Afterward, it wasn't as if coach Doug Collins wanted to pretend that this was "just one of those games" that happen in a "long NBA season." No. He gave it to you straight: when Miami is good, there's absolutely nothing the Sixers can do. Put it another way? Miami's best is better than the Sixers' best, although more accurately you could say Miami's good is better than the Sixers' great.
This is the truth, and since we said all along the truth is revealed in the playoffs, that's what's happening. The Sixers' interior is being dominated by an opposing interior that isn't actually considered top notch, but merely mediocre. Iguodala can't create any offense during the postseason, not when defenses have shifted out of their oh-it's-just-another-regular-season-game style and into do or die. And the team's halfcourt offense, when boarded inside that half-court line, just doesn't have the pieces (enough shooters, enough big men, any go-to scorer) to compete with a team like Miami.

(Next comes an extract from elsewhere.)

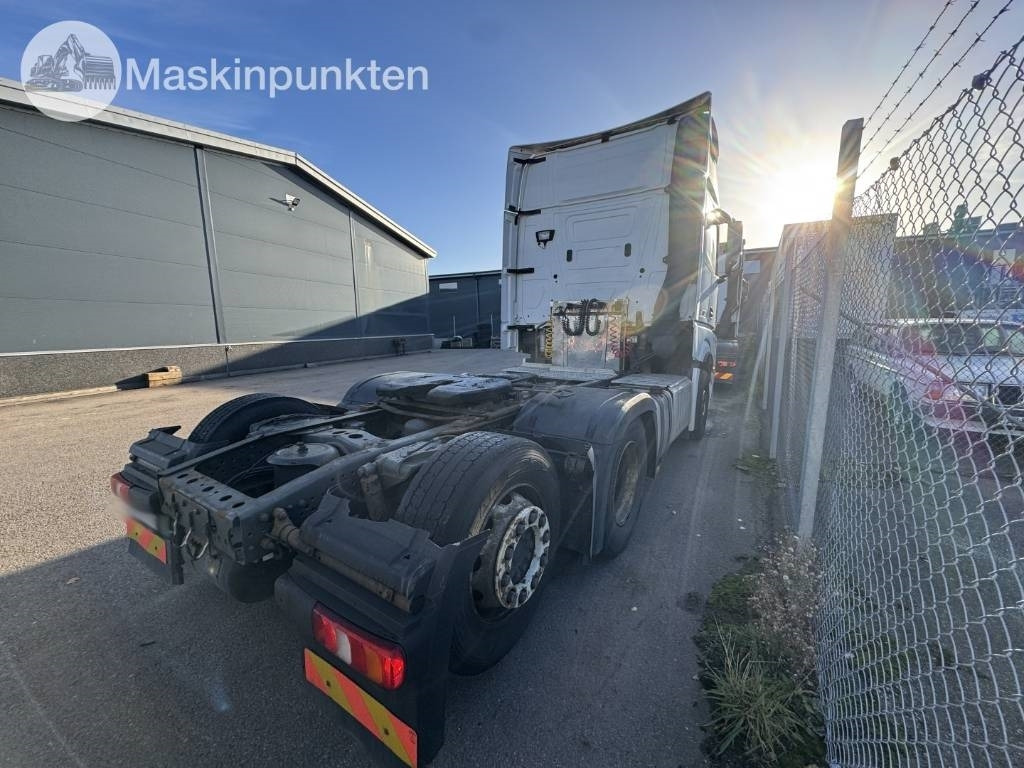 Mercedes-Benz Actros 963-4-C - Камион влекач: слика 3 Mercedes-Benz Actros 963-4-C - Камион влекач: слика 3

(On a positive note: Evan Turner looked good tonight and Jrue Holiday has had a strong presence in both games. Also, Thaddeus Young continues to play 100 miles an hour and pile up numbers, which would be beneficial if they were supporting-actor numbers instead of leading-role numbers ... but that fact is just another example of why the Sixers struggle in a post-season series.)
So what now?
Realistically, sitting here after the game and listening to Collins and the guys, the Sixers now understand the reality of the sitation. It's possible that Saturday's mild success had them believing in a vision that was really just a dream. Tonight, they got clobbered over the head by real life: Miami is so much better and Miami is going to end this series in four games, lopsided ones at that, if the Sixers don't find something that will work. Hawes must wake up, Iguodala must stop worrying about every other factor on the court -- the calls of the referees, forgotten plays, miscommunicated defensive assignments -- and play like a team leader, which in other games might not mean scoring, but when your team can't even reach 75 points, definitely does mean scoring. And Lou Williams must return to being Lou Williams because without him this team won't make it to halftime within arm's reach of Miami.
And even all of that -- for anyone who watched tonight's demolition -- might not produce victory, but it will keep things from getting embarrassing.